На «Эхе Москвы в Пскове» журналист Прокопьева больше не работает: ее передачу «Минутка просветления» (где впервые прозвучала та самая колонка об “архангельском подрывнике») сняли с эфира, когда шли судебные процессы по обжалованию штрафов Роскомнадзора.
– Мне сказали: «Давай приостановим». А потом уже не возобновилось. Я Макса Костикова (главный редактор «Эхо Москвы в Пскове» — “МБХ медиа”) спрашиваю: «Ну, что, может, на эфир к вам приду? Может, у меня интервью возьмете?». А он мне: «Сейчас все забито». И ничего. Им, конечно, проще не иметь проблем с властями. А ведь был запал: «Рубашку порвем и тебя защитим, и себя защитим и справедливости добьемся». Но они походили на допросы, и запал, видимо, пропал, – предполагает Света.

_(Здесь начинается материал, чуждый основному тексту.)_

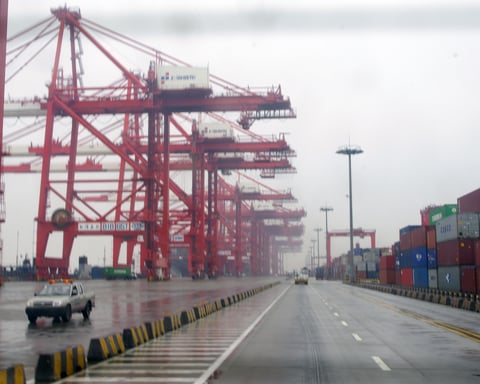 Stacked shipping containers and cranes at Yangshan deep-water port in Shanghai, China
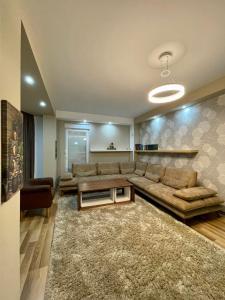a living room with a couch and a table at Modern house near Center in Prishtinë +1 photo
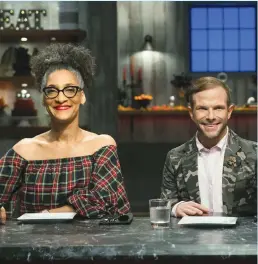  ??  ?? Carla Hall and Zac Young as seen in “Halloween Baking Championsh­ip”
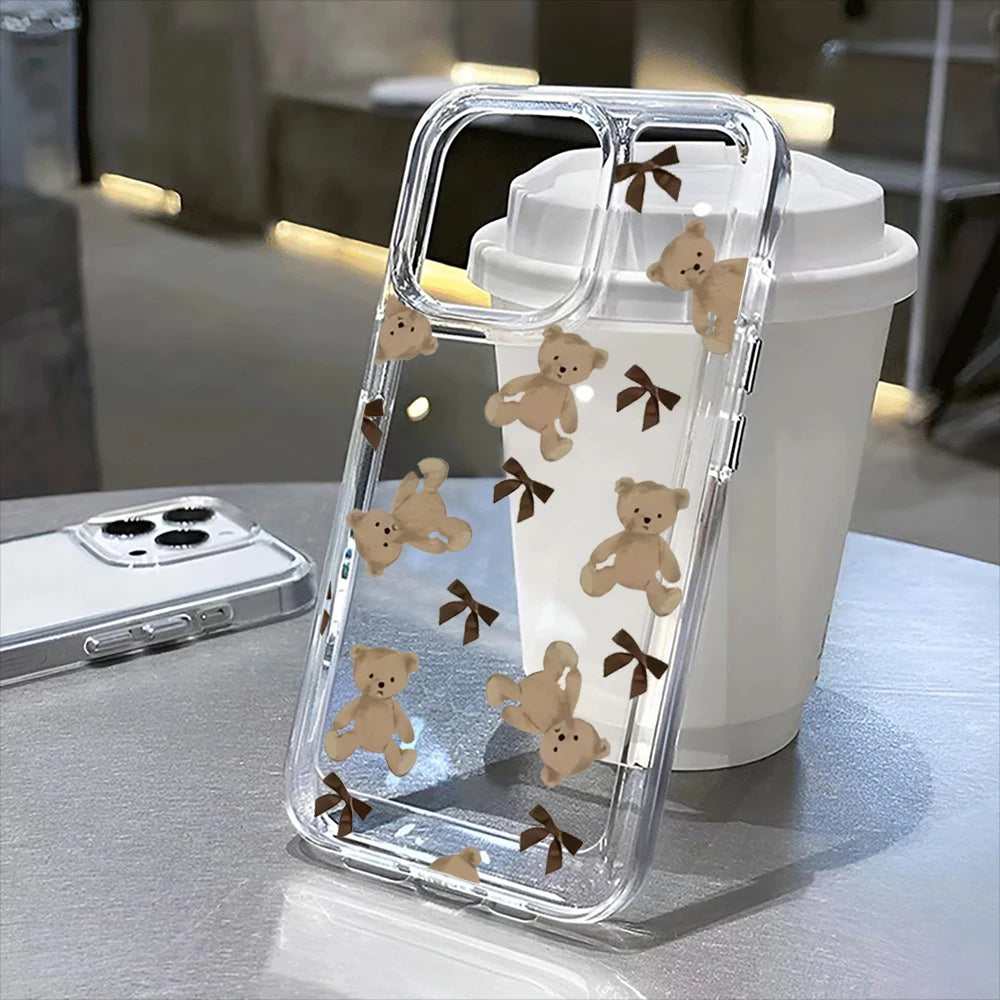 A clear plastic phone case with a floral pattern featuring small teddy bears rests on a light surface.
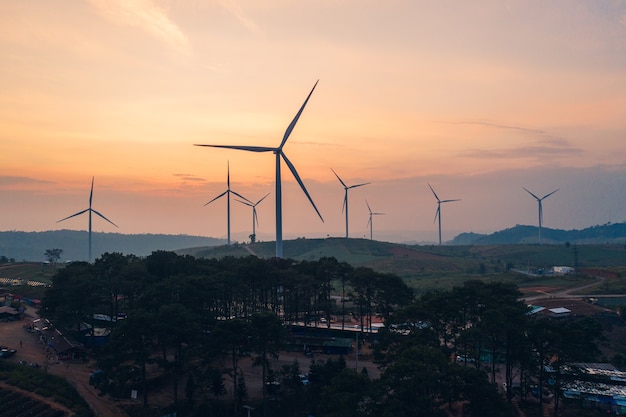 Windturbines van alternatieve energie met schoon en hernieuwbaar op heuvel in landbouwvelden 's avonds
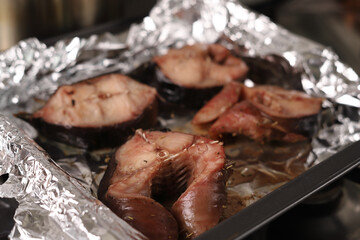 Close-up of baked fish in foil.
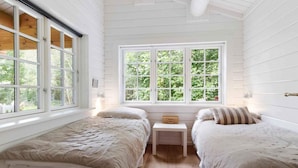Een kamer met twee bedden, een klein tafeltje en een groot raam met uitzicht op groen.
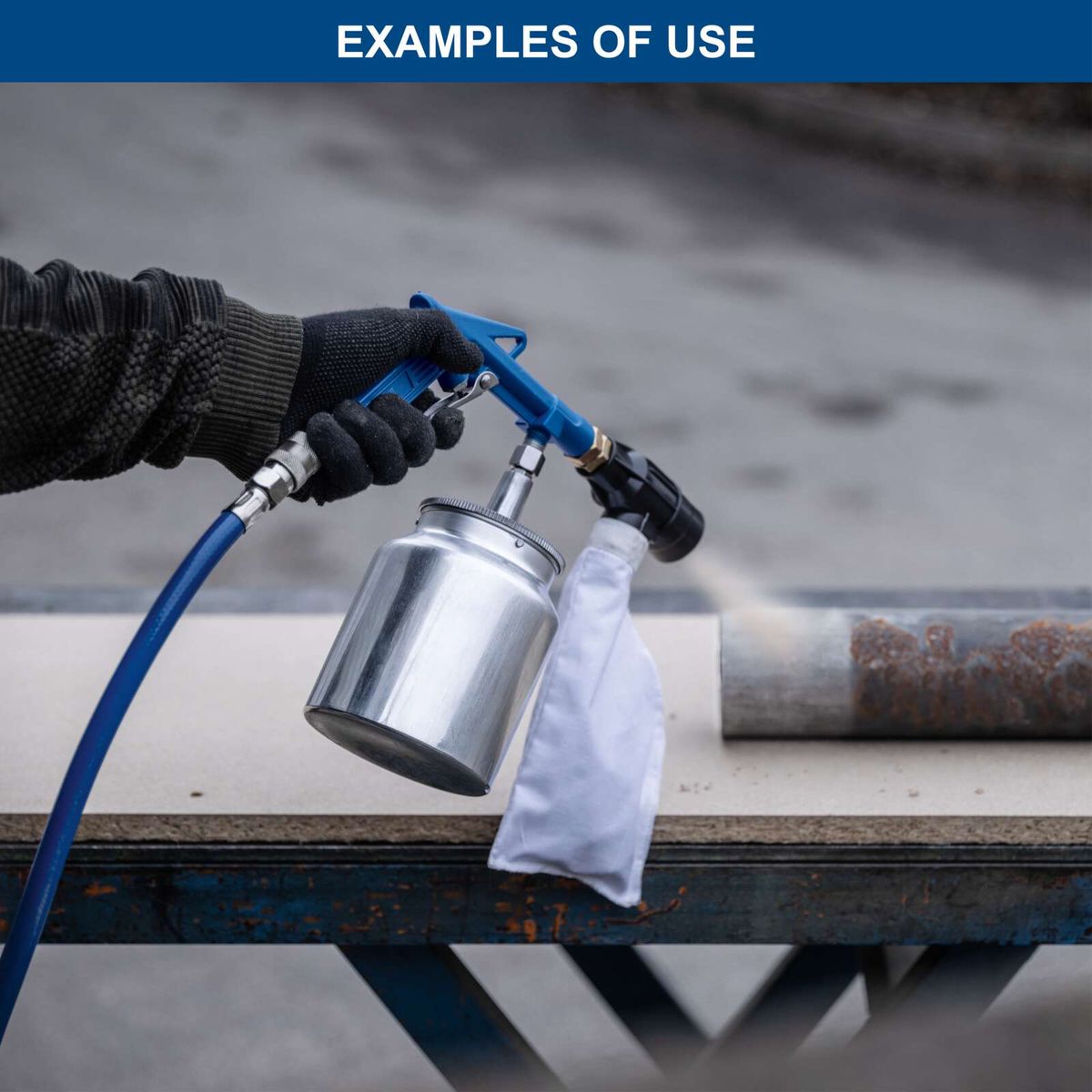 Gloves protecting hands while operating a spray gun with attached container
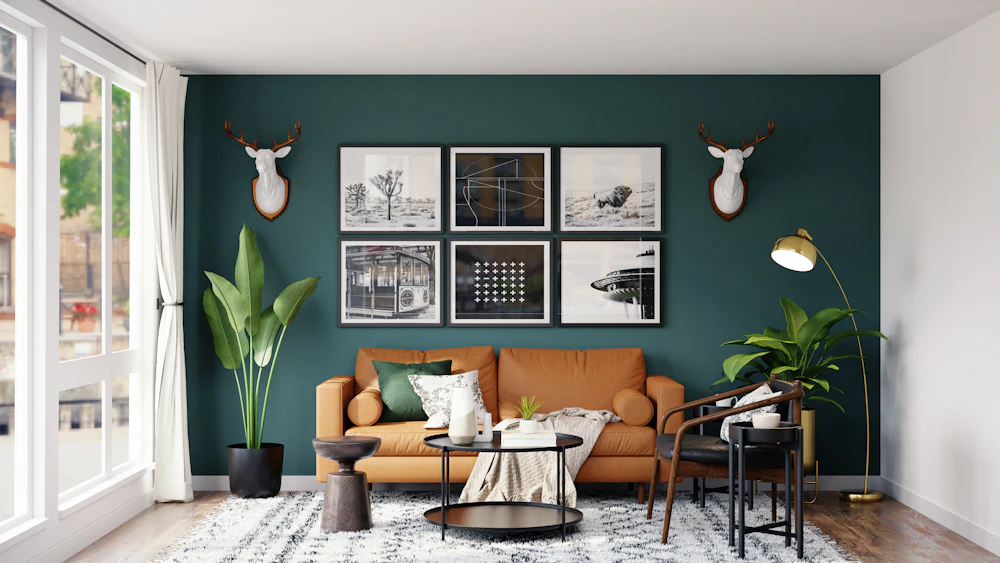 Tan leather sofa against a dark green accent wall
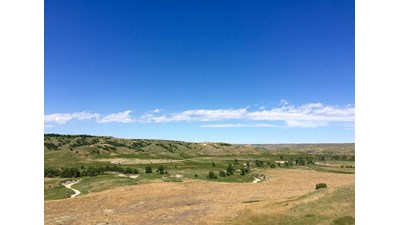 Dirt road meanders around several camping sites amid prairie grass and under blue sky.
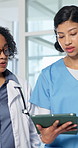 Medical team, discussion or walk with tablet in hospital for training, telehealth report or schedule. Tech, women and talk with healthcare nurse, intern or doctor mentorship with advice for planning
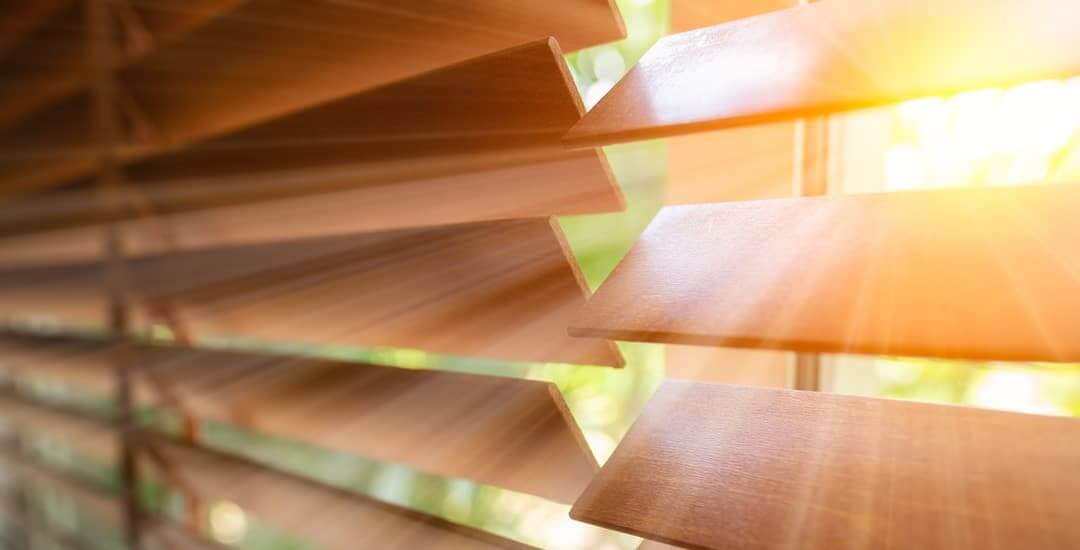 Classic wood venetian blinds filtering sunlight.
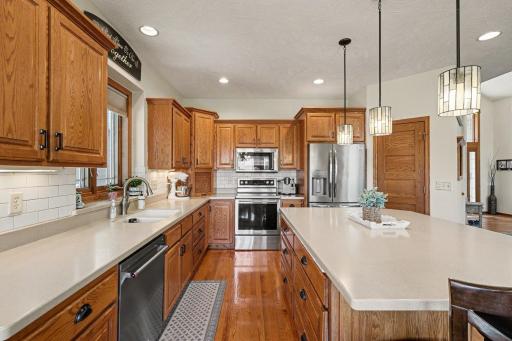 Ample cabinetry and a layout built for cooking and hosting, open to the dining area and great room.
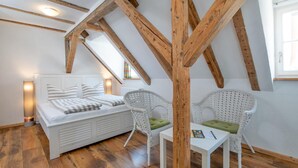 Un dormitorio con techo de madera, una cama, dos sillas de mimbre, una mesita y una ventana.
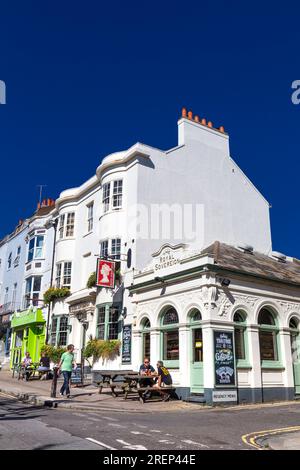 Exterior of The Royal Sovereign pub, people drinking outdoors on a sunny day, Brighton, East Sussex, England Stock Photo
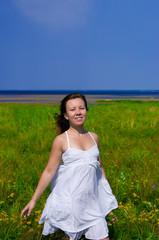Fototapeta na wymiar young happy girl walking in green field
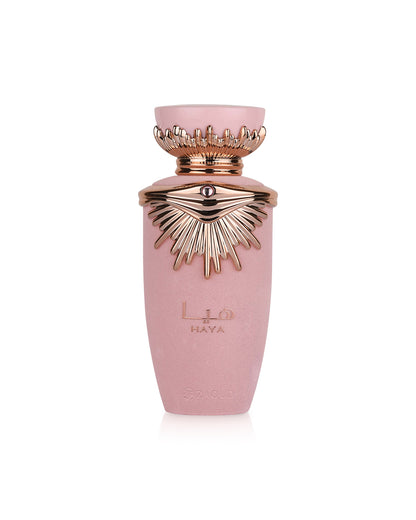 lattafa haya Pink perfume bottle with gold accents on a white background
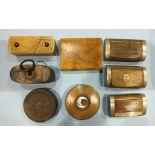 A wooden puzzle snuff box and seven other wooden snuff boxes.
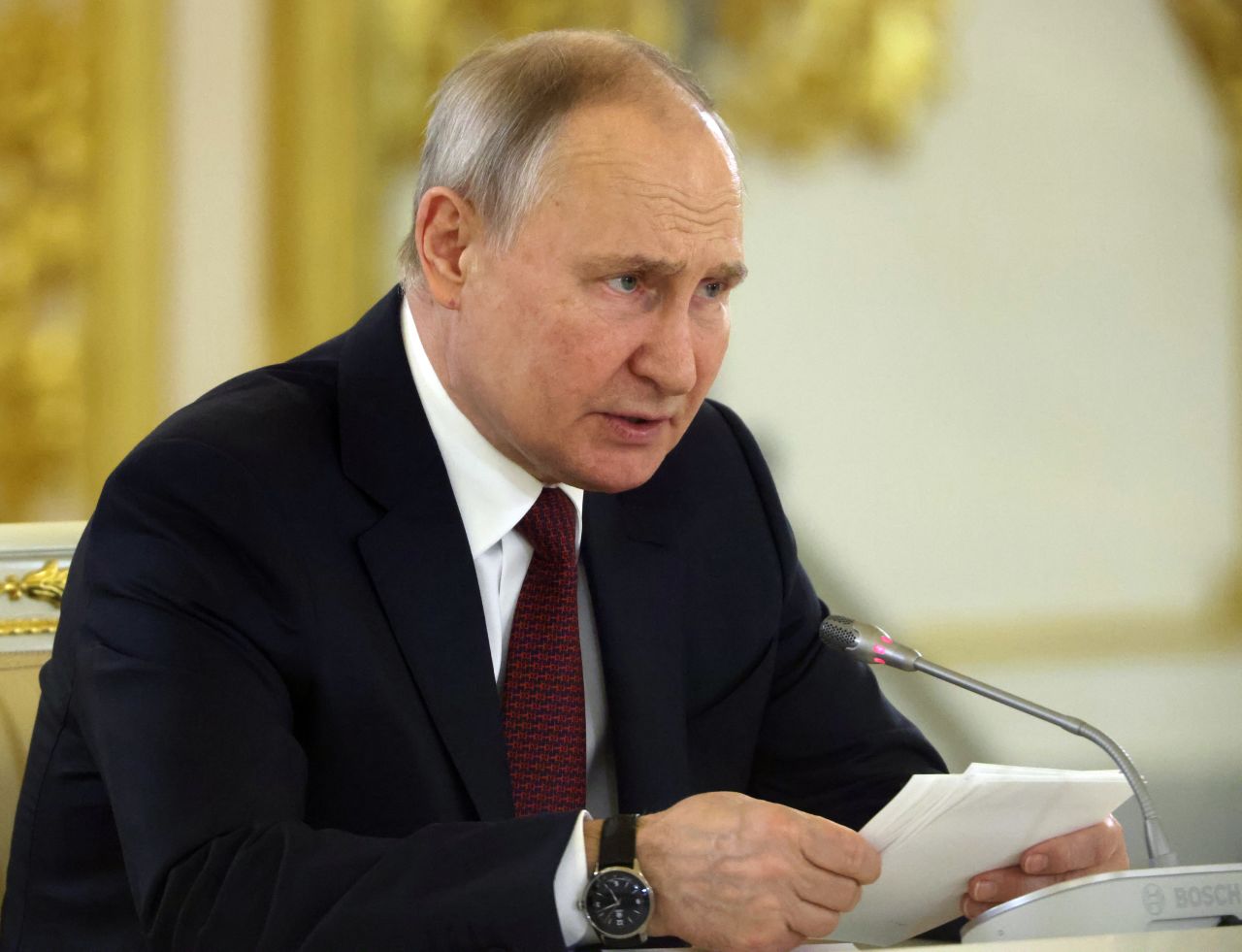 Russian President Vladimir Putin talks at the Grand Kremlin Palace, in Moscow, Russia, on March 21.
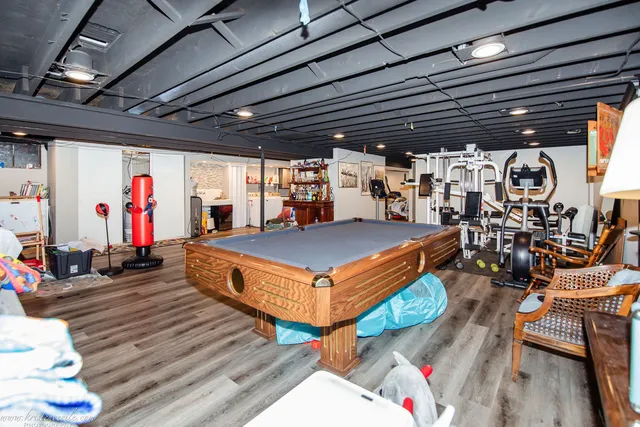 an aerial view of a house with a yard basket ball court and outdoor seating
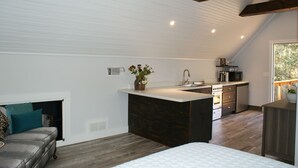 A modern loft-style bedroom with a large bed, a built-in desk, and a kitchenette. - Norah's Nest 
"Step into your own private retreat!" (WOODSTOCK)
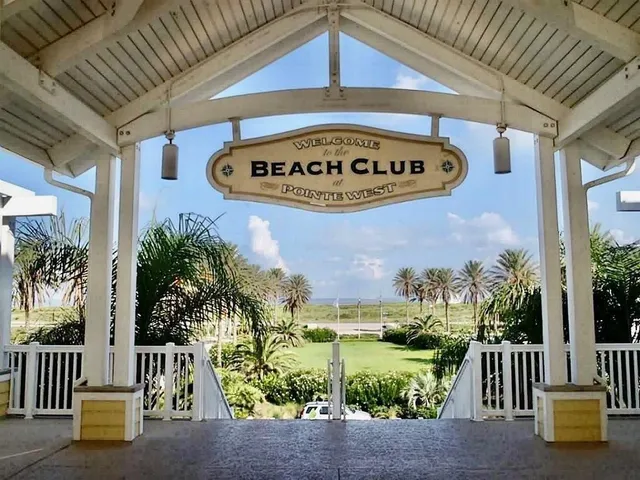 a front view of multi story residential apartment building with yellow lighting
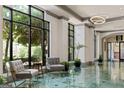 Bright lobby features a sleek modern design with stylish seating and large windows overlooking lush landscaping at 795 Hammond Dr # 806, Sandy Springs, GA 30328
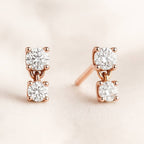 Rose gold earrings with clear diamonds on a light pink background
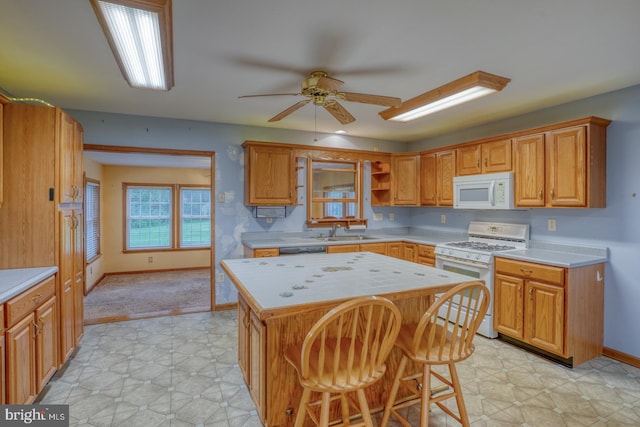 74 Connie Ln, Dover, DE 19901 - kitchen featuring white appliances, a sink, a kitchen island, ceiling fan, and baseboards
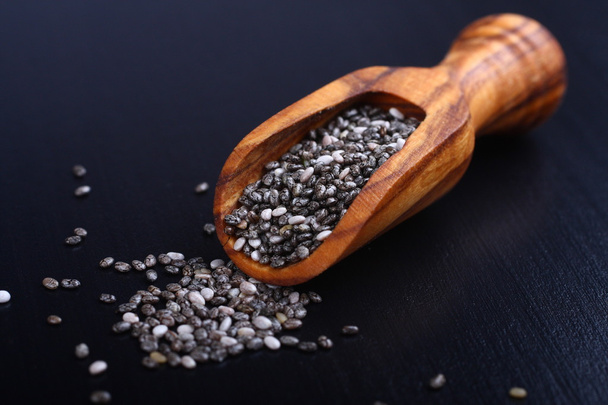 Chia seeds in wooden scoops, one of the superfoods - Photo, Image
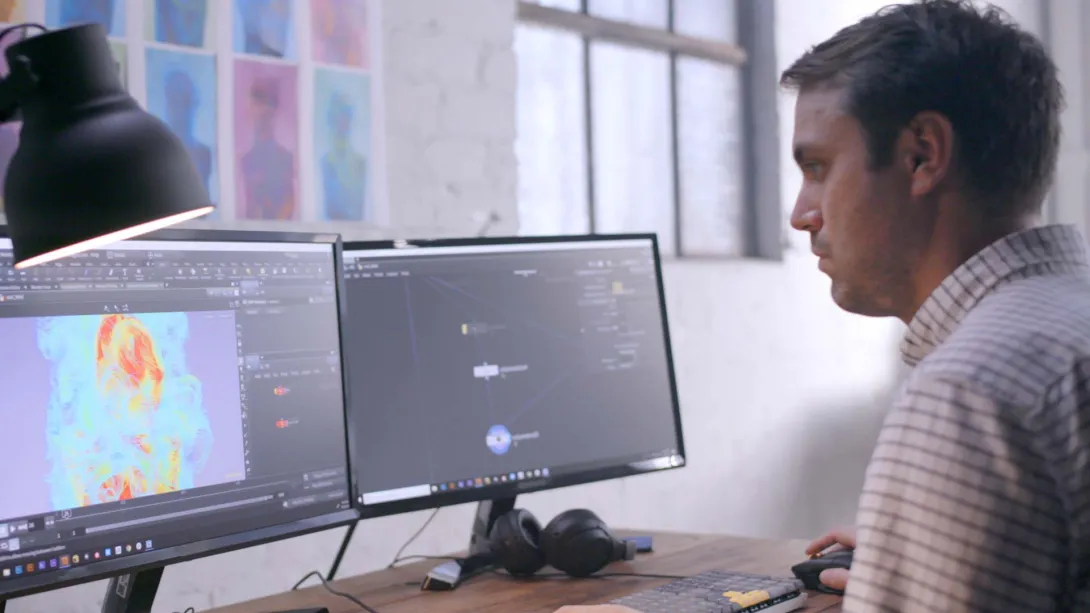 Person sits in front of two computer monitors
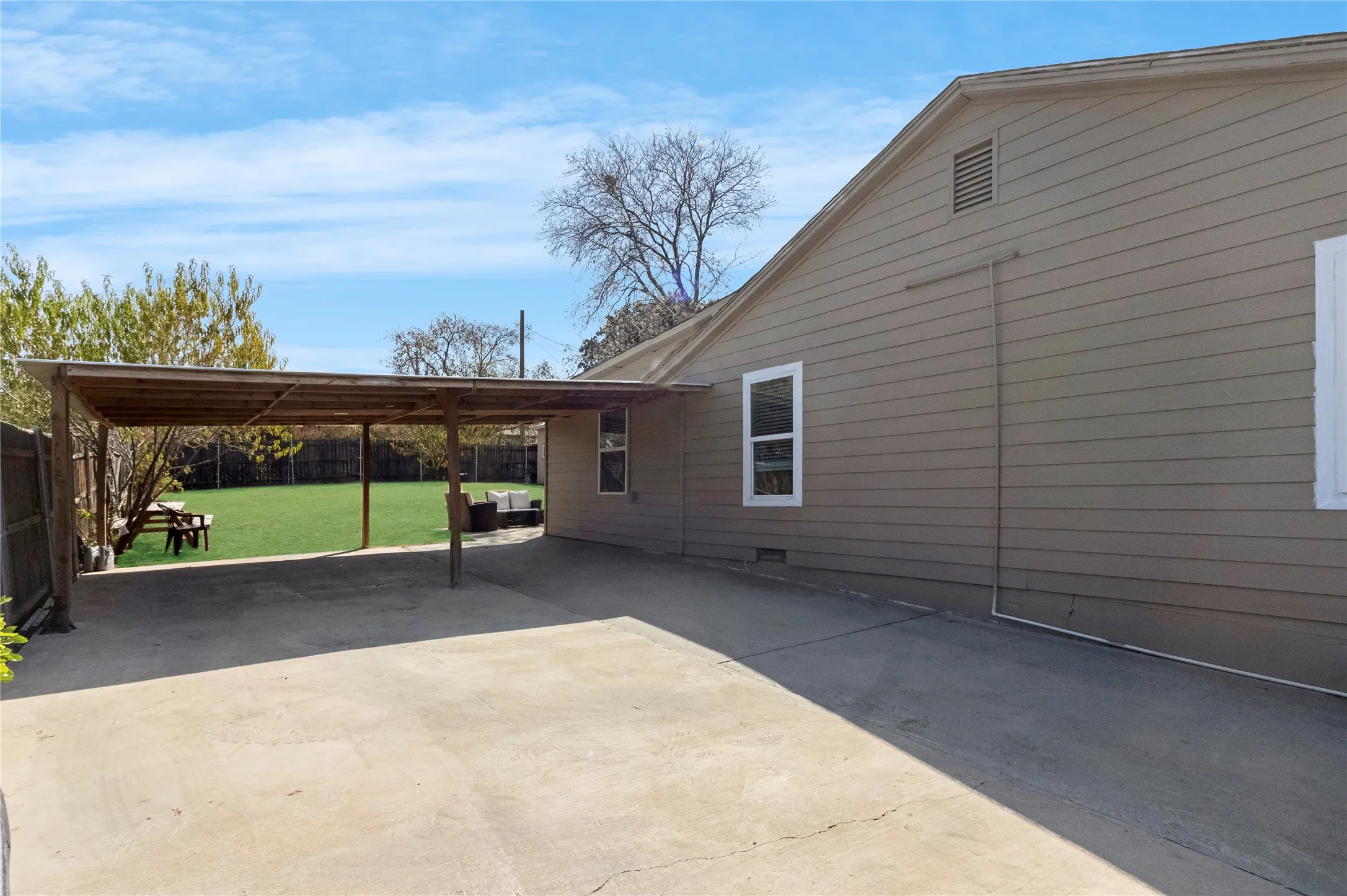 Covered carport structure with concrete driveway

«Сознательно не комментировала расстрел на Лубянке»
После той колонки она больше не написала ни одного текста о подрывниках или терактах – говорит, включила самоцензуру, потому что не нужны осложнения в и без того бредовом уголовном деле.
– Расстрел на Лубянке я не прокомментировала нигде, ни одним словом — совершенно сознательно. Так и работает эта система. Ты заводишь уголовное дело против одного человека, другой уже смотрит с опаской, и на новый инфоповод он уже заткнется, промолчит. Мое уголовное дело закрыло тему рассмотрения причин террористических актов в России. Причину больше не ищем, разбираться больше не пытаемся. Хорошо это или плохо – покажет время, – рассуждает Прокопьева.
– Если бы ты встретилась с Путиным, спросила бы его про себя? – спрашиваю я и напоминаю про прецедент с Иваном Голуновым, когда после вопроса президенту оперативно появилось уголовное дело.
– У меня нет вопросов к Путину. Единственно важный вопрос – у нас будет Россия без Путина когда-нибудь или не будет России без Путина? А вопрос про мое уголовное дело – это будет ходатайство к царю. Не очень хочется этим заниматься, – отвечает Прокопьева.